Polymarket and Kalshi CEOs Bet Together, What Exactly is 5(c) Capital?
- Core Thesis: The newly established fund 5(c) Capital, which has received joint investment from the CEOs of prediction market rivals Polymarket and Kalshi, is not betting on any specific platform. Its core strategy is to invest in the shared infrastructure layer of prediction markets, aiming to drive industry institutionalization, compliance, and solve structural issues like insider trading.
- Key Elements:
- 5(c) Capital was founded by a former Kalshi employee and aims to raise approximately $35 million. It focuses on investing in 20 prediction market infrastructure companies, such as market makers, index designers, and trading tools.
- Prediction markets will form a three-tier monopoly: front-end platform monopoly (Polymarket vs Kalshi), liquidity monopoly (similar to Jane Street’s market-making network), and data monopoly (the Bloomberg of prediction markets).
- Insider trading is the “original sin” of prediction markets. Recent regulatory events include states like NY and CA banning government employees from trading on insider information, and Kalshi penalizing three candidates who placed bets on their own election markets.
- Tighter regulation will force the industry toward institutionalization, which actually benefits infrastructure companies providing identity verification, transaction monitoring, and risk & compliance tools—precisely the investment opportunity for 5(c).

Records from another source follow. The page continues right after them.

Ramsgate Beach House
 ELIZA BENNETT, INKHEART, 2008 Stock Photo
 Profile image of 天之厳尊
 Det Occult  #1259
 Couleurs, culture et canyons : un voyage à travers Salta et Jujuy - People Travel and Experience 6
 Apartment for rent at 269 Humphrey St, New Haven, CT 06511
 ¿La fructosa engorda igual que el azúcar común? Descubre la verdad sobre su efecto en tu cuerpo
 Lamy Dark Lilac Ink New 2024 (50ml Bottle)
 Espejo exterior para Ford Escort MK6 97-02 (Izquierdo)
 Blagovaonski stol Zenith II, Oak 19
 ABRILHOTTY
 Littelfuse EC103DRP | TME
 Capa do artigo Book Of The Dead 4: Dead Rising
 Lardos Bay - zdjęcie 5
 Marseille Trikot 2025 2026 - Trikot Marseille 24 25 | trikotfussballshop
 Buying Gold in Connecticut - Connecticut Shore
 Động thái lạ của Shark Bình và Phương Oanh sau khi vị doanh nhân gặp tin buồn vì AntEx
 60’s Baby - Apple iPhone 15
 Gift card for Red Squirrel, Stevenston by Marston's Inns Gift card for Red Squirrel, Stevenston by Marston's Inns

- The joint investment in 5(c) by the CEOs of Polymarket and Kalshi is essentially an insurance policy for the market infrastructure (liquidity, data, compliance tools) that both sides will need in the future, rather than supporting a competitor.
Original Author: Anita AGI/acc (X: @Anitahityou)
When Archenemies Bet Together: The Real Signal Behind 5(c) Capital
On Wall Street, there's a classic signal: when competitors start betting on the same infrastructure, the industry has moved to the next stage.
That's where prediction markets are now.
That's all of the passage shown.